June is the birthday of our idea. It's been one year since I first shared the twenty page draft of our mission plan with people. I spent hours considering what we would do in the first six months, and eventually extended that draft to include an 18 month mission plan. It's been six months since we officially embarked on this journey and I don't remember when I last glanced at the document.
That doesn't mean we stopped planning. It does mean that our planning cycles are shorter. Some part of this shift is due to a realization that it takes twice as long to do something than you think it will due to challenges that you can't anticipate and an unrealistic (inflated) sense of our own capabilities. But a larger reason for this shift is due to a realization that opportunities will surface that we never imagined.

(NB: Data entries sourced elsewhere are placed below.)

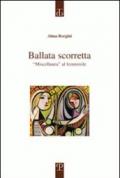 Ballata scorretta. «Miscellanea» al femminile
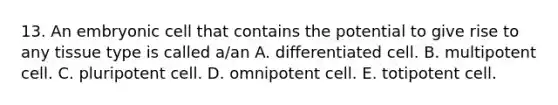 13. An embryonic cell that contains the potential to give rise to any tissue type is called a/an A. differentiated cell. B. multipotent cell. C. pluripotent cell. D. omnipotent cell. E. totipotent cell.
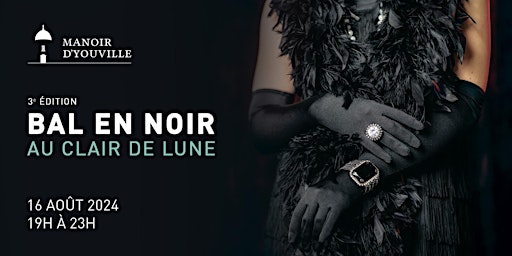 Hauptbild für Bal en Noir au Clair de Lune 2024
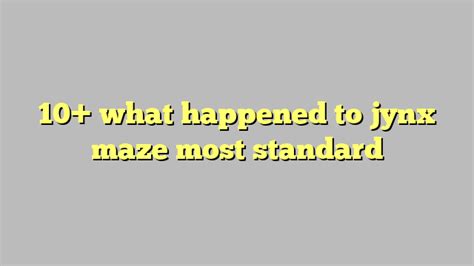 10 what happened to jynx maze most standard công lý and pháp luật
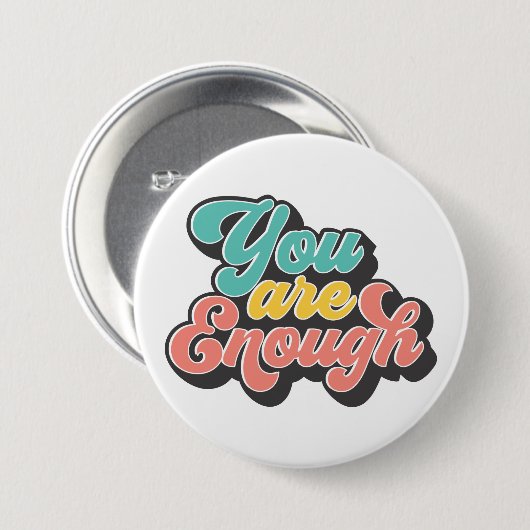 U bent genoeg Motivation Quote Ronde Button 7,6 Cm (Voorkant /achterkant)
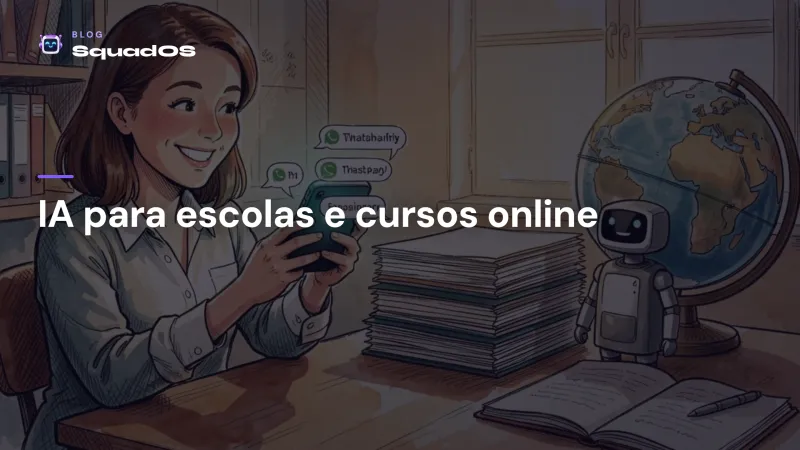 IA para escolas e cursos online: matrícula e dúvidas de alunos automatizadas no WhatsApp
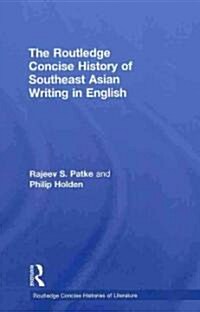 The Routledge Concise History of Southeast Asian Writing in English (Hardcover)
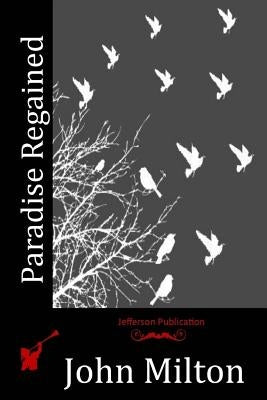 Paradise Regained by Milton, John
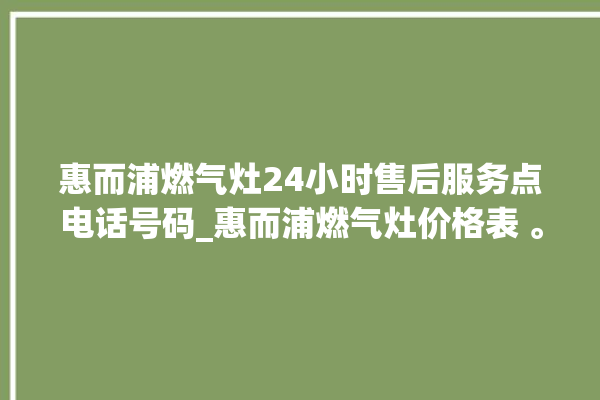 惠而浦燃气灶24小时售后服务点电话号码_惠而浦燃气灶价格表 。燃气灶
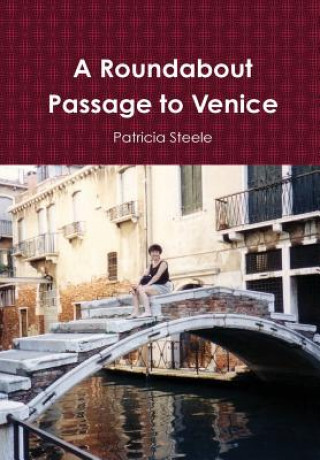 Roundabout Passage to Venice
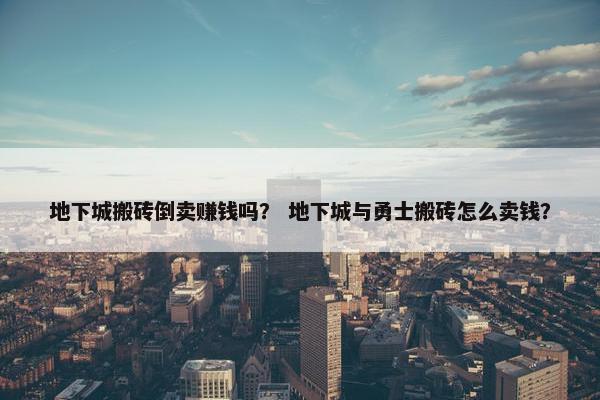 地下城搬砖倒卖赚钱吗？ 地下城与勇士搬砖怎么卖钱？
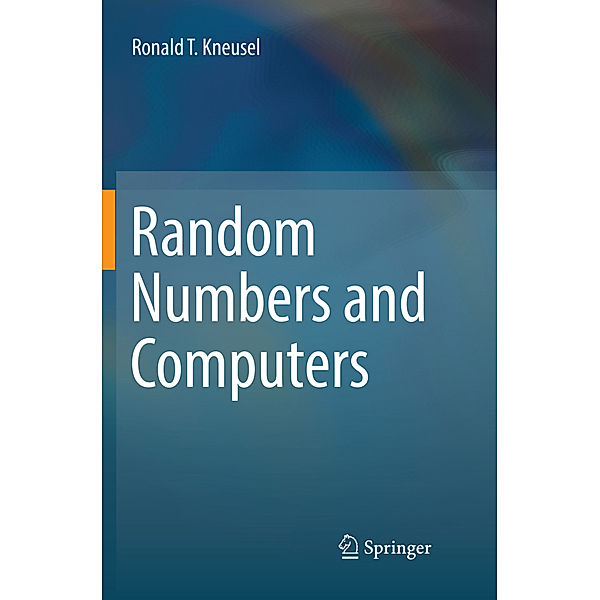 Random Numbers and Computers, Ronald T. Kneusel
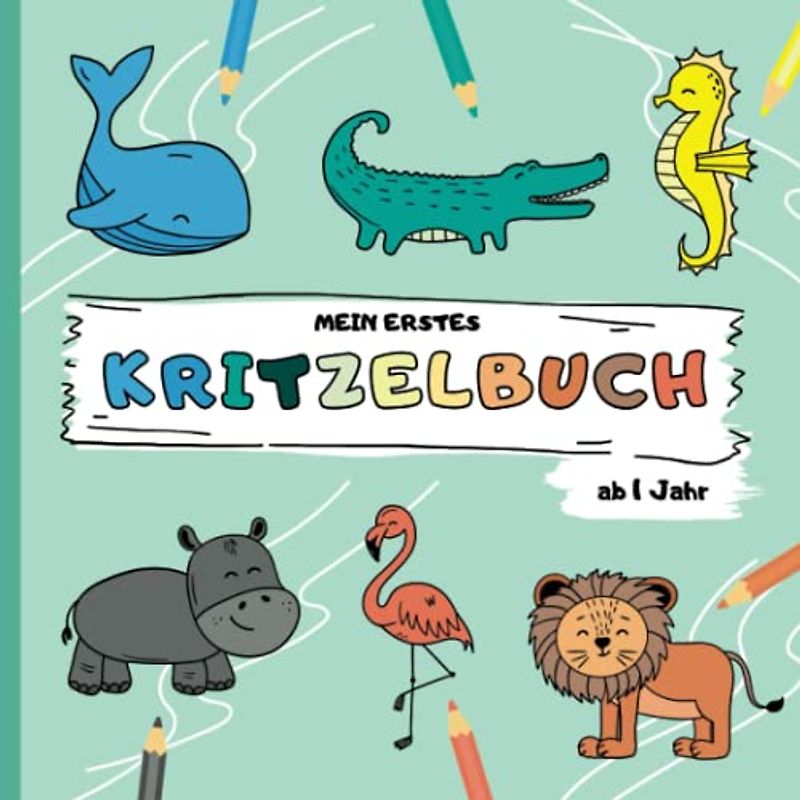 Kritzelbuch ab 1 Jahr - Erstes Ausmalbuch mit 50 großen Tiermotiven - Förderung der Kreativität und Feinmotorik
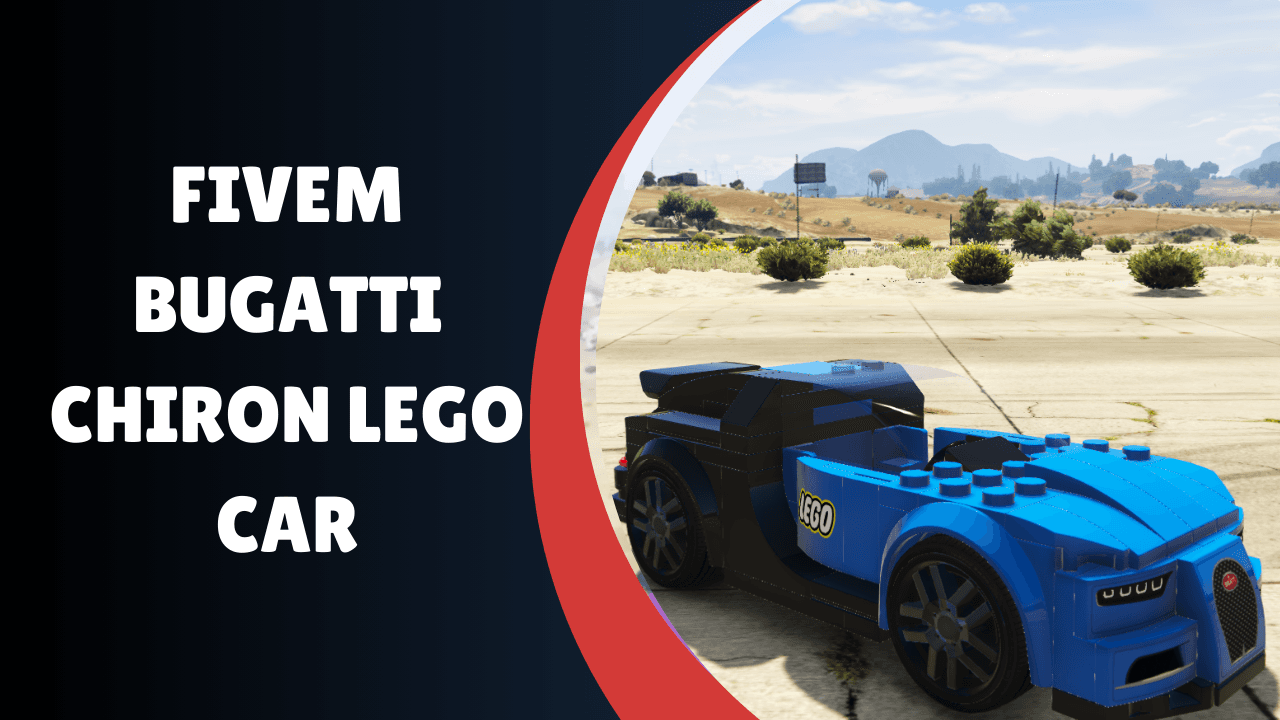 FiveM Bugatti Chiron Lego Car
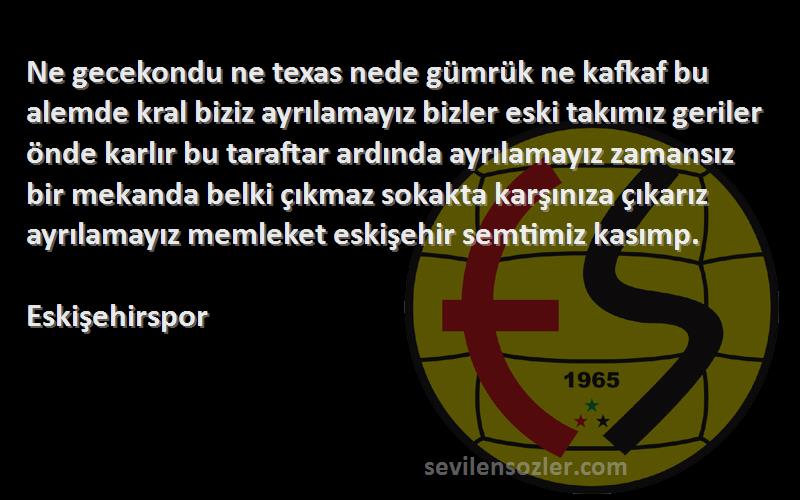 Eskişehirspor Sözleri 
Ne gecekondu ne texas nede gümrük ne kafkaf bu alemde kral biziz ayrılamayız bizler eski takımız geriler önde karlır bu taraftar ardında ayrılamayız zamansız bir mekanda belki çıkmaz sokakta karşınıza çıkarız ayrılamayız memleket eskişehir semtimiz kasımp.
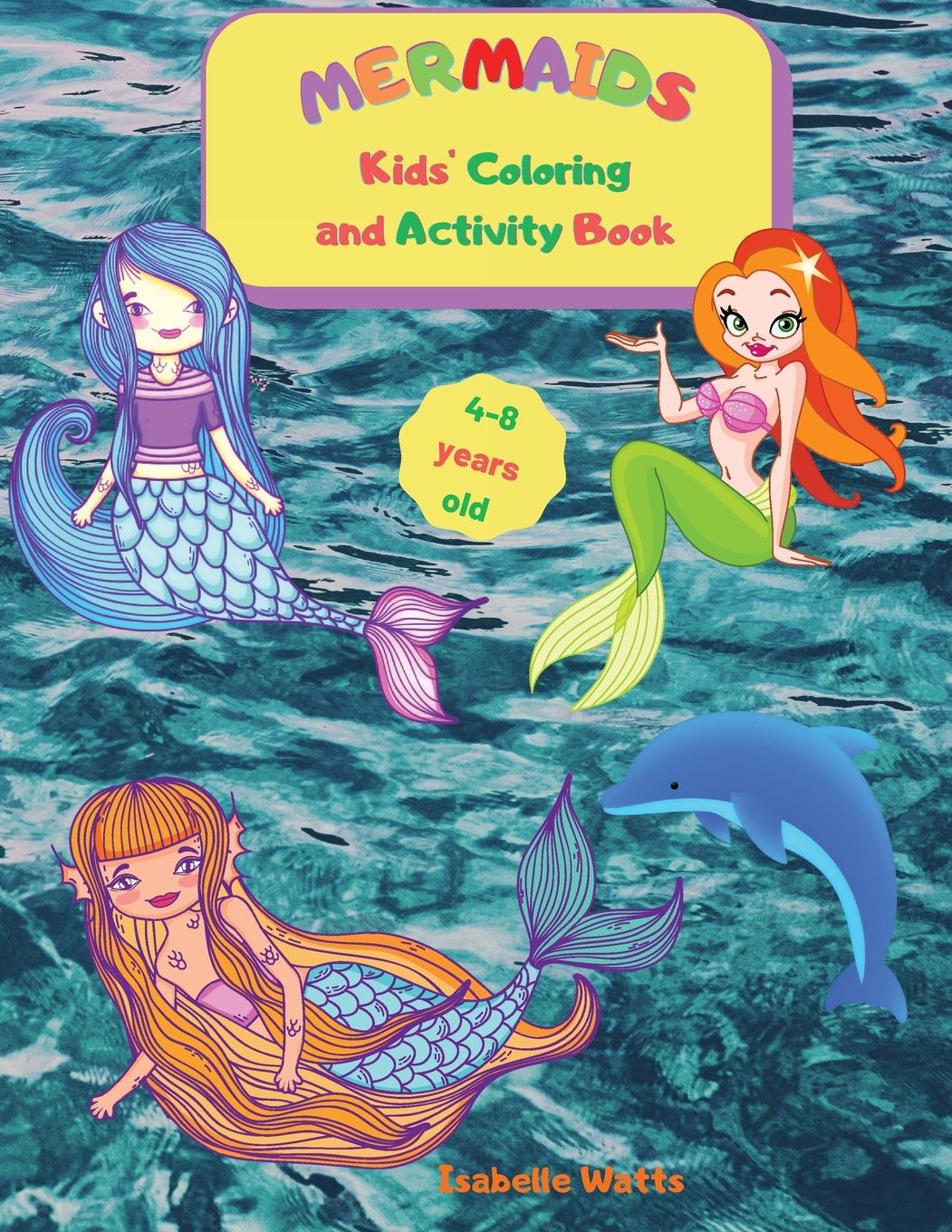 Vorderes Coverbild Mermaids - Kids' Coloring and Activity Book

Three examples of our 18 month mission plan going sideways for good are:
1) Spot on Blanding, our downtown gathering space. I looked for office space large enough for one person and a laptop, about 150 sq/ft. God provided almost 1,000 sq/ft and the resources to renovate it into a welcoming place people wanted to be.
2) Suzanne Bates Mueller, our staff assistant. I wrote a job description for an "assistant to the pastor." We got a partner in ministry capable of much more than pushing paper and scheduling appointments.
3) The Reveal, our monthly preview worship service. I looked forward to taking a year off from preaching and leading worship so that we could prepare for our launch. The Reveal, which crawls around downtown with a different band, venue, and style each month, is now central to our preparation for an eventual launch.
In the Bible, God tells Abraham, the father of our faith, to leave everything that he knows and GO. The startling thing about this command is that God does not tell Abraham where to go. God just says GO, or better yet, LEAVE. So Abraham wanders for decades, encounters challenges and opportunities along the way that weren't in his mission plan, and eventually arrives. The narrative spends a disproportionate number of words describing the call/command to GO relative to the rest of the story. Going, starting, leaving, taking the first step, we know, is the most difficult part of any journey. Planning, modeling, preparing, forecasting, we also know, is our way of putting off GO.
The next time you hear a teeny tiny voice compelling you to start something new, save the energy and time you'd normally expend forecasting where you think you'll end up, and put it towards starting. Trust me, starting is the hardest part and forecasting is futile.